Here are a few steps you can try to resolve this issue:
• Ensure that the certificate provided is in the correct PEM format and hasn’t expired. Depending on your configuration, you might need to supply either just the certificate or the full metadata XML. Double-check that the certificate matches exactly what’s configured in your EntraID tenant.

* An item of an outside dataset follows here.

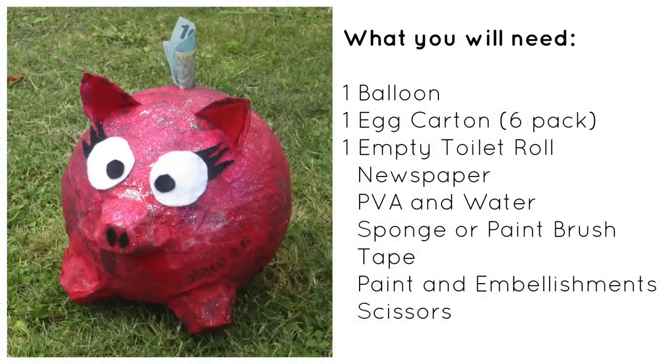Now you can make this easily out of balloon and paper mache, so for the full tutorial keep watching. To make your DIY piggy bank you will need one balloon, an empty egg carton, a finished toilet roll, newspaper, PVA and water, a sponge or paintbrush, some tape, some paint, glitter or any other embellishments of your choice, and a pair of scissors.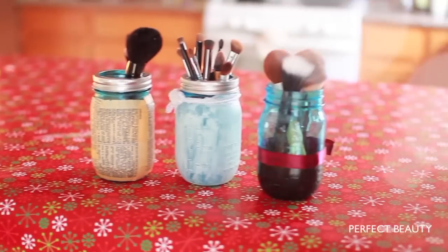I love categorizing my brushes into different mason jars so I know where my eye brushes, face brushes, and lip brushes are.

• Verify that the entity IDs, audience, and other identifiers in both your EntraID configuration and Kinde settings are an exact match. Even a small discrepancy can cause validation to fail.
• Confirm that the signature algorithm used by EntraID is supported by Kinde. Sometimes, issues can arise if the algorithm doesn’t match our expectations. Also, if you’re using the full metadata XML, ensure it’s correctly formatted.
• SAML responses are time-sensitive. Please check that your servers and systems are synchronized correctly, as time drift can sometimes cause validation issues.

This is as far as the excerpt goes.